In this regard, the Ministry of Health and Family Welfare has requested that Human Rabies be designated as a Notifiable Disease under the Clinical Establishment Registration and Regulation Act of 2010, or the respective State Public Health Act or Nursing Home Act, so that all government and private health facilities are required to report all suspected, probable, and confirmed Human Rabies cases in accordance with standard guidelines.
As per WHO reports, Rabies kills 20,565 people in India each year. India accounts for the most deaths in Asia (59.9 per cent of human Rabies deaths) and globally (35 per cent of human Rabies deaths).
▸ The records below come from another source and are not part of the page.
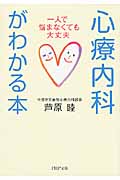 心療内科がわかる本 一人で悩まなくても大丈夫 (PHP文庫)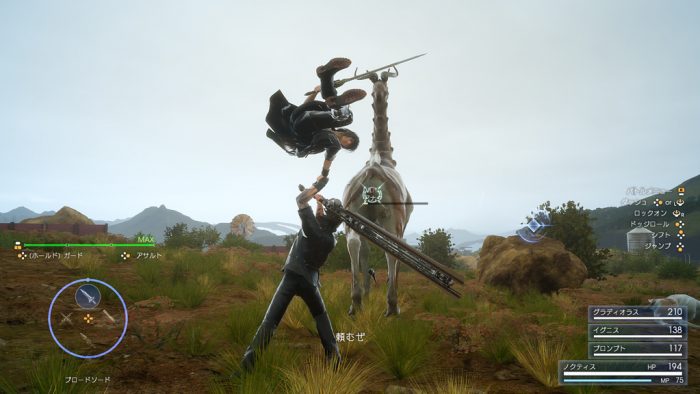 Final Fantasy XV Screenshot 232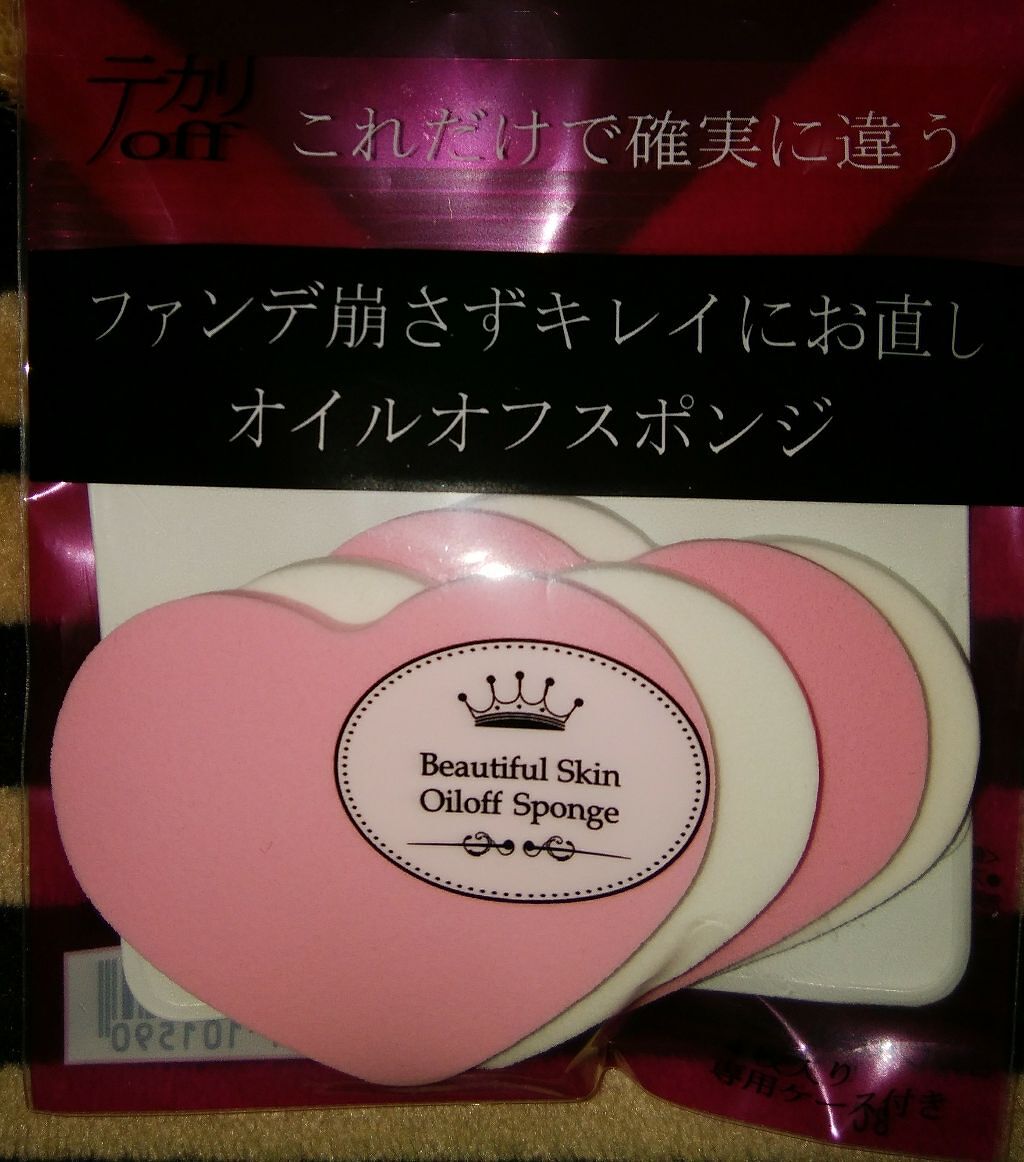 オイルオフスポンジ/日本パフ/パフ・スポンジを使ったクチコミ（1枚目）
India accounts for roughly 35 per cent of the estimated 59,000 yearly human fatalities caused by dog-mediated rabies worldwide. More than three-quarters of cases in India occur in rural regions, where access to diagnostic services and post-exposure prophylaxis (PEP), both of which are important for disease prevention, is restricted.
Because of the country’s estimated 60 million stray/free-roaming dogs, dog bites account for more than 95 percent of cases, and many cases of human rabies go undetected, are misdiagnosed, or are under-reported. Despite the availability of safe and effective vaccines, there is a lack of knowledge about and access to post-exposure prophylaxis (PEP), including rabies immunoglobulin. Despite the paucity of disease statistics, one may claim that rabies does not have the same impact on human health in India as illnesses such as tuberculosis, malaria, and HIV.
Rabies reporting and notification are also useful for quickly identifying the foci and, if necessary, implementing control measures. Human and animal case surveillance includes the reporting of suspicious cases (based on the history and clinical symptoms/signs) as well as the collection of samples for laboratory confirmation. Reporting of human exposures by suspected rabid animals, as well as post-exposure dosages provided, should be included in surveillance procedures.
To create a strategy and to attain the high objective of eliminating dog-mediated human rabies deaths by 2030, contemporary public health experts and policymakers should refer to the substantial historical and current scientific literature on evidence-based rabies control strategies. Measures to cope with India’s large free-roaming dog population will also be critical; without them, rabies control efforts would become unsustainable in the long run.